Dalam penentuan capres dan cawapres yang dilakukan oleh Musra, Anang mensinyalir adanya kepentingan kelompok tertentu yang ingin mengajukan calonnya untuk dapat diusung di pilpres 2024. Anang juga mensiyalir adanya lembaga survei yang memiliki kepentingan untuk dapat mengajukan capres cawapres tertentu dengan memasukan persentase tertentu kepada kandidat tertentu.

Ketika menjelang pemilu, banyak kepentingan yang akan bermain. Anang melihat beberapa pihak yang memiliki kepentingan untuk bermain seperti lembaga survei, parpol, oligarki ekonomi.

Menurut Anang, sejatinya hasil Musra atau survei hanya sebagai pemantik saja. Sehingga dampak besar atau kecilnya pematik tersebut ditentukan oleh beberapa pihak yang memiliki kepentingan tersebut.

Hasil Musra atau survei yang dilakukan oleh beberapa Lembaga menurut Anang saat ini dijadikan kendaraan dari pihak tertentu yang memiliki kepentingan terhadap capres cawapres. Hasil tersebut seolah-olah mereka peduli kepada masyarakat dan dijadikan sebagai salah satu penyerap aspirasi masyarakat.

“Namun kenyataannya hasil Musra dan survei politik tersebut sejatinya bisa dijadikan legitimasi calon tertentu. Namun yang harus diingat dalam aturan yang berlaku saat ini capres dan cawapres yang akan mengikuti kontestasi pilpres diajukan oleh parpol atau koalisi parpol peserta pemilu 2024,” ungkap Anang.

 


Mesin Politik

Anang percaya betul, parpol yang tidak memiliki kepentingan terhadap hasil Musra atau survei lembaga tertentu tidak akan serta-merta menggunakan hasil atau rekomendasi tersebut. Parpol dengan mesin politik yang baik sudah memiliki sistem untuk menyerap aspirasi mengenai capres cawapres yang diinginkan oleh masyarakat.

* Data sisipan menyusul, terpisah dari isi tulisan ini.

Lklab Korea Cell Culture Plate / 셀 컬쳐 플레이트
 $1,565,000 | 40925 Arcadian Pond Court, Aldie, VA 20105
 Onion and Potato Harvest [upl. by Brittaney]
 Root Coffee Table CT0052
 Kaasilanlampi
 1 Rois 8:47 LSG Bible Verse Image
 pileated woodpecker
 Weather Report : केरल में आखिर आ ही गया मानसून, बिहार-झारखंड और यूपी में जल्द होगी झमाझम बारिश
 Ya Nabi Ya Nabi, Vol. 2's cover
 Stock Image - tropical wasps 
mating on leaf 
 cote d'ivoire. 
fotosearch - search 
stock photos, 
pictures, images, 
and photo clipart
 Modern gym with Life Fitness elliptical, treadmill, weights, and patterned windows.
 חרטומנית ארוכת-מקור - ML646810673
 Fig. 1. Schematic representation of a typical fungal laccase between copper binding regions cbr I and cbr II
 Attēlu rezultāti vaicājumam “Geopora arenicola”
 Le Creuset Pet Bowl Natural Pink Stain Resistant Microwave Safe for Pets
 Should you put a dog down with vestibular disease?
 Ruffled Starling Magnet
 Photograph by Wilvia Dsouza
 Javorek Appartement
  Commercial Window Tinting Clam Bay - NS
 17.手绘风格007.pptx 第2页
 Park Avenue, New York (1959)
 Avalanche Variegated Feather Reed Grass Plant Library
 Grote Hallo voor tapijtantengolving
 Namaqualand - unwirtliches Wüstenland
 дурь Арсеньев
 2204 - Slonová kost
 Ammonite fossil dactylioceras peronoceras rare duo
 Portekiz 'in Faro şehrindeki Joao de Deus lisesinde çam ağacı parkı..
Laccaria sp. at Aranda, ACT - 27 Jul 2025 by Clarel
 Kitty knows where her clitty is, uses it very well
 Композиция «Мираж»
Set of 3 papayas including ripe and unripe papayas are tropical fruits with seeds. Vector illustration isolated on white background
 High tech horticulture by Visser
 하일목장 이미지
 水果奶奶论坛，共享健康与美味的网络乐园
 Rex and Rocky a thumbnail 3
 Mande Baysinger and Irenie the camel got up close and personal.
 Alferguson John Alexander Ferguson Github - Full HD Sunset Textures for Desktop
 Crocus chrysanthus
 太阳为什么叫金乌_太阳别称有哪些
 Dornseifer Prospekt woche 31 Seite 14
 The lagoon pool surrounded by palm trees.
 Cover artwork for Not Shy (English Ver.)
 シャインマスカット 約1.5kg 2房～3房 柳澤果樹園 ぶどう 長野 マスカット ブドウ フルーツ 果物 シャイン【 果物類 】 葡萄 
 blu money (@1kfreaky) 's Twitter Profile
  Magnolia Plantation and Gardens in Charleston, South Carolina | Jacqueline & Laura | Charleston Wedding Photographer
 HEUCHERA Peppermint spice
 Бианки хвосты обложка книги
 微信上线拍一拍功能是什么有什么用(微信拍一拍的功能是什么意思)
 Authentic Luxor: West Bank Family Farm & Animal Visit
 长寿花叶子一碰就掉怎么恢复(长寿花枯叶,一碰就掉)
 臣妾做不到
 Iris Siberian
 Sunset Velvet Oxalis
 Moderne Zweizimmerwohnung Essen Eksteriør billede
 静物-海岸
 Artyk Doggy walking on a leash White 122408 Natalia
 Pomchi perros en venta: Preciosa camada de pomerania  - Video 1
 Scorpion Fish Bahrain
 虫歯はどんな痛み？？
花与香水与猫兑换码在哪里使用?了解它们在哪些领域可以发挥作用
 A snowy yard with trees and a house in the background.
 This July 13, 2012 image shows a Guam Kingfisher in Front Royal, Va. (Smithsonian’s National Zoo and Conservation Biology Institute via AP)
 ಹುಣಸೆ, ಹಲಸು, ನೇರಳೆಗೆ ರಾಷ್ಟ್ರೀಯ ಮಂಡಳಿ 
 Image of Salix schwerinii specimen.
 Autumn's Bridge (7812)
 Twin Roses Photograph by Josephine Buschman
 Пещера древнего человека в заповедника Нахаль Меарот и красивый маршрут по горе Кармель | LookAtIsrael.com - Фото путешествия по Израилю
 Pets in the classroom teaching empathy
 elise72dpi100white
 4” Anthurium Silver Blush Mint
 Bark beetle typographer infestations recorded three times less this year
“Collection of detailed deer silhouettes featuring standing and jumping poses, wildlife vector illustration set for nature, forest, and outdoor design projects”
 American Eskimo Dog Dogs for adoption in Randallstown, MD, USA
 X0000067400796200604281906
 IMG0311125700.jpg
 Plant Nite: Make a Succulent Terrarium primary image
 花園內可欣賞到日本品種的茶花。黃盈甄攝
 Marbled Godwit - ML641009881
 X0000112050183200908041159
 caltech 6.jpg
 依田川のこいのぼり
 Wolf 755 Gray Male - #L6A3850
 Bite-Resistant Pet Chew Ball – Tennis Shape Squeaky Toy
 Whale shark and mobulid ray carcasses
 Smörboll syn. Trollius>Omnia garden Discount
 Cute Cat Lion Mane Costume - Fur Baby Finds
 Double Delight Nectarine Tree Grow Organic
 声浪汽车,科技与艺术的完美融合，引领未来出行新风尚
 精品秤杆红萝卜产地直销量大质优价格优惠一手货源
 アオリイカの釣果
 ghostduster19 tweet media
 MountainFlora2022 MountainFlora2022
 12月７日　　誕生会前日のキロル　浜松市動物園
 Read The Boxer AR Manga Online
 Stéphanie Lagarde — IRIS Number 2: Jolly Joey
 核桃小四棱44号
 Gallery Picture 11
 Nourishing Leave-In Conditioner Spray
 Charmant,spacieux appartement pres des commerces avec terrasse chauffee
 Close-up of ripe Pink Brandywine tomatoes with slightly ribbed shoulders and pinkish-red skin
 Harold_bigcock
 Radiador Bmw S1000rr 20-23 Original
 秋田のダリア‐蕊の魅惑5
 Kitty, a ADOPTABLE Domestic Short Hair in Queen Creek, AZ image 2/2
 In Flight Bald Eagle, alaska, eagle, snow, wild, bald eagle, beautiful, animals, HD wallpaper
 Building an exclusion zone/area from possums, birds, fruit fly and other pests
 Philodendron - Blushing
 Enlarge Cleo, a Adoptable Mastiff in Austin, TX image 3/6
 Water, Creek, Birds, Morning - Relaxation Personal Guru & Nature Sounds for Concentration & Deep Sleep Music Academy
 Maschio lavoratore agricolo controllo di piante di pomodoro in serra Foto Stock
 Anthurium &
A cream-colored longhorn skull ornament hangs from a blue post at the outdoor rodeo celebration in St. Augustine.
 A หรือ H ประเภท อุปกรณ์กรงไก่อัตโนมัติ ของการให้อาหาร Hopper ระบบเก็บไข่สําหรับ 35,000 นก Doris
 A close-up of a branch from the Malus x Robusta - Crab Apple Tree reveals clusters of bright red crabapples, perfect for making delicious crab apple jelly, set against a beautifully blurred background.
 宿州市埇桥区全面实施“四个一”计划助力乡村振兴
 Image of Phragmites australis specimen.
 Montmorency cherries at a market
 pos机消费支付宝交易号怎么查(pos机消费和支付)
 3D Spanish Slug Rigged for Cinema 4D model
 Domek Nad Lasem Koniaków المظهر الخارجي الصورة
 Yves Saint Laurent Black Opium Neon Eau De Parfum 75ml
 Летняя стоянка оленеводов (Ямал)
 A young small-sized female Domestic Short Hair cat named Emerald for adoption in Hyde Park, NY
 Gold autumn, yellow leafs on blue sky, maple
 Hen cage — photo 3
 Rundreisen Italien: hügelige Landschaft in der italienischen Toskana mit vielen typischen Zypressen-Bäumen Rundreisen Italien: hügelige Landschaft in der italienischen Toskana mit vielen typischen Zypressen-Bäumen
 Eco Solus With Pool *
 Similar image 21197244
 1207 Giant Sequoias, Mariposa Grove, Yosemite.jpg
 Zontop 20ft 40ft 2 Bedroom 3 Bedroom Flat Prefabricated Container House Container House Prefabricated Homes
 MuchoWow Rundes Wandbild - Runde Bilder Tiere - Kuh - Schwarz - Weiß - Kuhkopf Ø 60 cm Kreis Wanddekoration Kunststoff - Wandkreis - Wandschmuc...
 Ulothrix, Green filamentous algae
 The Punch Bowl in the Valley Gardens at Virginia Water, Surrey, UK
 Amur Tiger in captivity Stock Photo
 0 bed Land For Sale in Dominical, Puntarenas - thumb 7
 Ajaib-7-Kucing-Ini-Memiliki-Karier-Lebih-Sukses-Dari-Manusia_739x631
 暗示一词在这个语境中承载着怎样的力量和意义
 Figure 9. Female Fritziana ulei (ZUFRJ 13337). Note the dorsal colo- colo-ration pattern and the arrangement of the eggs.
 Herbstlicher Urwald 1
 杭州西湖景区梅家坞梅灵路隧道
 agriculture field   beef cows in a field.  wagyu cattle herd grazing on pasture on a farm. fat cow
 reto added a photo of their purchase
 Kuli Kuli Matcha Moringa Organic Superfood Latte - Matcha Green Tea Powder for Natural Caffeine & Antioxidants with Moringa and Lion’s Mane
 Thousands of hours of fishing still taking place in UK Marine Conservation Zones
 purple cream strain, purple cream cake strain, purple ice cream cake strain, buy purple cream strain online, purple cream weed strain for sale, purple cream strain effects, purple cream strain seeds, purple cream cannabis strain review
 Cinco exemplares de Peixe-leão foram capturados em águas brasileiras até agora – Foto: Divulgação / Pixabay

“Parpol yang tak memiliki kepentingan, belum tentu tertarik dengan hasil Musra atau survei. Parpol pasti memiliki data yang dihimpun dari mesin politik mereka. Mereka lebih yakin dengan data yang dihimpun mesin politiknya. Parpol pasti sudah tahu siapa aktor intelektual di belakang rekomendasi Musra atau lembaga survei yang merekomendasikan calon tersebut. Sehingga parpol yang tidak memiliki kepentingan pasti tak akan mempertimbangkan hasil Musra, ”ujar Anang.

Jika parpol atau koalisi parpol gegabah memilih capres cawapres yang tidak popular dan rendah elektabilitas, Anang memastikan mereka akan mengeluarkan effort lebih untuk memenangkan pilpres dan pileg di pemilu ini. Sebab mereka selain harus memperkenalkan capres yang tak popular dan elektabilitas rendah dalam pilpres, mereka juga memiliki tugas untuk memenangkan pileg agar tak tersingkir dari pemilu berikutnya.

Sehingga memilih capres cawapres yang tak popular dan elektabilitas rendah, parpol harus memiliki effort ganda untuk dapat memenangkan pemilu.